Stop Login Brute Force Attacks

TL;DR

Brute force attacks try many usernames and passwords to guess their way into your website. This guide shows you simple ways to make these attacks much harder, protecting your users and your site.

1. Rate Limiting

Rate limiting restricts how often someone can attempt a login from the same IP address or user account. This slows down attackers significantly.

1. Choose a rate limit: A good starting point is to allow 5-10 failed attempts within a 5-minute window per IP address.
2. Implement in your code: Most web frameworks have built-in features or libraries for this. Here’s an example using Python/Flask:

   from flask_limiter import Limiter, RateLimit
   
   app = Flask(__name__)
   limiter = Limiter(app, key=lambda ip: ip)
   
   @app.route('/login', methods=['POST'])
   @limiter.limit("5 per 5 minutes")
   def login():
       # Your login logic here...
   

3. Consider user-specific limits: In addition to IP address limiting, limit attempts per username too.

2. Account Lockout

After a certain number of failed login attempts, temporarily lock the account.

1. Set a lockout threshold: Typically 3-5 failed attempts is reasonable.
2. Lockout duration: Start with a short lockout period (e.g., 15-30 minutes) and increase it for repeated offenses.
3. Store lockout information: Keep track of the number of failed attempts and the time of the last attempt in your database, associated with the username.
4. Implement in code:

   # Example (pseudocode)
   if user_exists(username):
       failed_attempts = get_failed_attempts(username)
       last_attempt_time = get_last_attempt_time(username)
       now = datetime.datetime.now()
   
       if failed_attempts >= MAX_ATTEMPTS and (now - last_attempt_time).total_seconds() < LOCKOUT_DURATION:
           # Account is locked, display an error message
           account_locked = True
       else:
           # Attempt login...
   

3. Strong Password Policies

Encourage or enforce strong passwords to make brute force attacks less effective.

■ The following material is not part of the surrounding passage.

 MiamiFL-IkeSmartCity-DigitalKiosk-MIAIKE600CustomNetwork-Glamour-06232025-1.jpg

• Minimum length: Require at least 12 characters.
• Complexity requirements: Include a mix of uppercase letters, lowercase letters, numbers, and symbols.
• Password history: Prevent users from reusing recent passwords.
• Regular password updates: Encourage periodic changes (e.g., every 90 days).

4. Captchas

Use CAPTCHAs to distinguish between humans and bots.

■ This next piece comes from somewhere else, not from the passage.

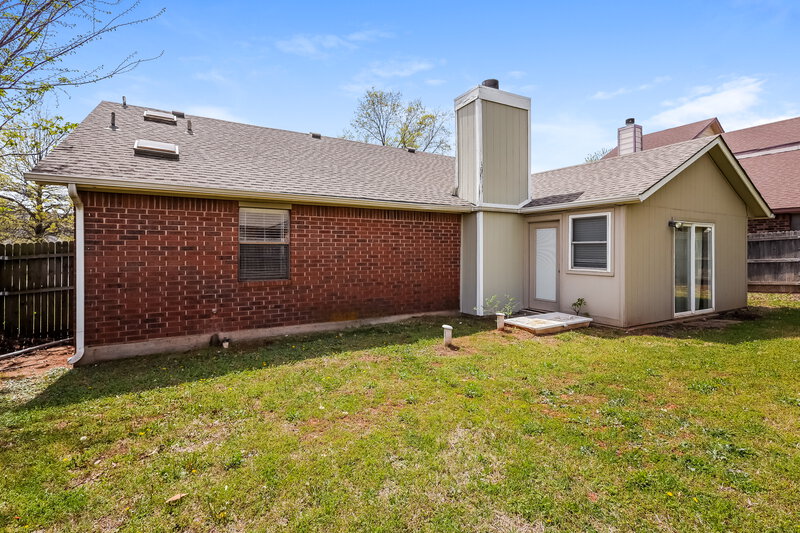1,475/Mo, 2205 NE 9th St Moore, OK 73160 Rear View 2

• Implement on the login form: Present a CAPTCHA after a certain number of failed attempts or if suspicious activity is detected.
• Choose a reputable CAPTCHA provider: Google reCAPTCHA v3 is a popular option.

5. Two-Factor Authentication (2FA)

Add an extra layer of security by requiring a second verification method.

• SMS codes: Send a code to the user’s phone.
• Authenticator apps: Use apps like Google Authenticator or Authy.

6. Monitor Login Attempts

Keep an eye on login logs for unusual patterns.

• Log IP addresses, usernames, timestamps, and success/failure status.
• Set up alerts: Notify you of a high number of failed attempts from the same IP address or for specific accounts.